Whilst the implementation of recommendations from the West Midlands Perinatal Audit, Crimson File and CESDI can be expected to reduce perinatal mortality, there is little evidence that better intrapartum care has much to contribute in terms of brain injury and long-term adverse outcomes6. Within the 5 years of the study, although our efforts to improve quality have been rewarded by a fall in ‘indefensible’ care, the proportions of babies with low Apgar scores and low cord pH have not changed, nor are any fewer being admitted for neonatal intensive care. This is entirely in keeping with the growing opinion that better fetal monitoring and earlier recourse to caesarean section are unlikely to reduce cerebral palsy22,23. Nevertheless, improving the standards of intrapartum care is fundamental to minimizing medicolegal risk24,25. Were it possible to reduce ‘indefensible’ care from 70% to less than 30%, the savings could run into many millions. Our system for monitoring and learning from mistakes is endorsed by recommendations in the key CESDI reports19,26.
NHS organizations are now charged with ‘continuously improving the quality of their services and safeguarding high standards of care....’27. Scally and Donaldson highlighted some of the deficiencies of clinical audit and emphasized the importance of learning from mistakes and of adverse incident reporting. Clinical risk management is therefore a key component of clinical governance28. Secker-Walker explains that introduction of clinical risk management takes many months and is only really successful when accompanied by a change in culture. All staff need to feel comfortable with the process. Our project has confirmed the need to be patient in terms of achieving improvements.
We are aware of further improvements required in training and risk management. One approach is the development of a series of videos to train midwives and doctors in various aspects of intrapartum care29,30,31. We hope that this will increase the uptake of ‘training’ by the doctors in our team. Additionally, as recommended by CESDI26, we have made a computerized CTG training system available on labour ward32. Finally, the low-Apgar cases are now being considered at daily partogram audit and weekly adverse incidence meetings, to allow earlier feedback.
Acknowledgments
We thank all those in the maternity unit and outside who have contributed to the ASQUAM programme at development and implementation phase; SIGMA for funding the initial two years of ASQUAM; the trust board for its support; all staff in maternity theatres, labour ward, the neonatal unit and postnatal wards who care for babies born with low Apgar scores; and Mr D Towns and colleagues at the NHS Litigation Authority for comments on the paper.
References
- 1.Department of Health.
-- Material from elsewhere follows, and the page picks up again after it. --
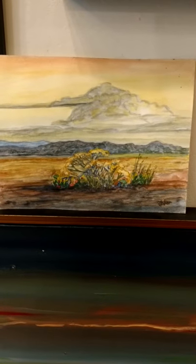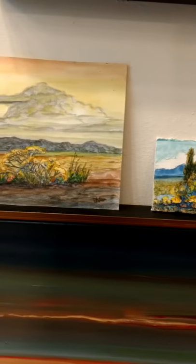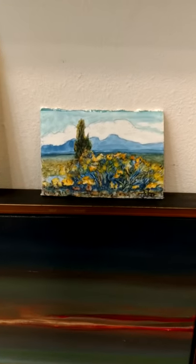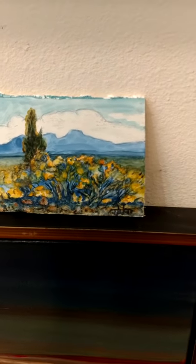Here are some of my works on paper. This is an 8½ by 11. These are gouache on paper. I'll zoom in on this one — this one's 3½ by 5. El Pedernol.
Report of the Confidential Enquiry into Stillbirths and Deaths in Infancy. Annual Report for 1993 Parts 1 & 2. London: DOH, 1995
- 2.Alessandri LM, Stanley FJ, Read AW. A case—control study of intrapartum stillbirths. Br J Obstet Gynaecol 1992;99: 719-23 [DOI] [PubMed] [Google Scholar]
- 3.West Midlands Perinatal Audit. The Crimson File. CTGS — Guidance for Interpretation. Keele: West Midlands Perinatal Audit, 1995
- 4.Macdonald V, Cole E. Doctor vanishes on eve of stillbirth enquiry. Daily Telegraph 30 November 1997
- 5.Clements RV, Simanowitz A. Cerebral palsy — the international consensus statement [editorial]. Clin Risk 2000;6: 135-6 [Google Scholar]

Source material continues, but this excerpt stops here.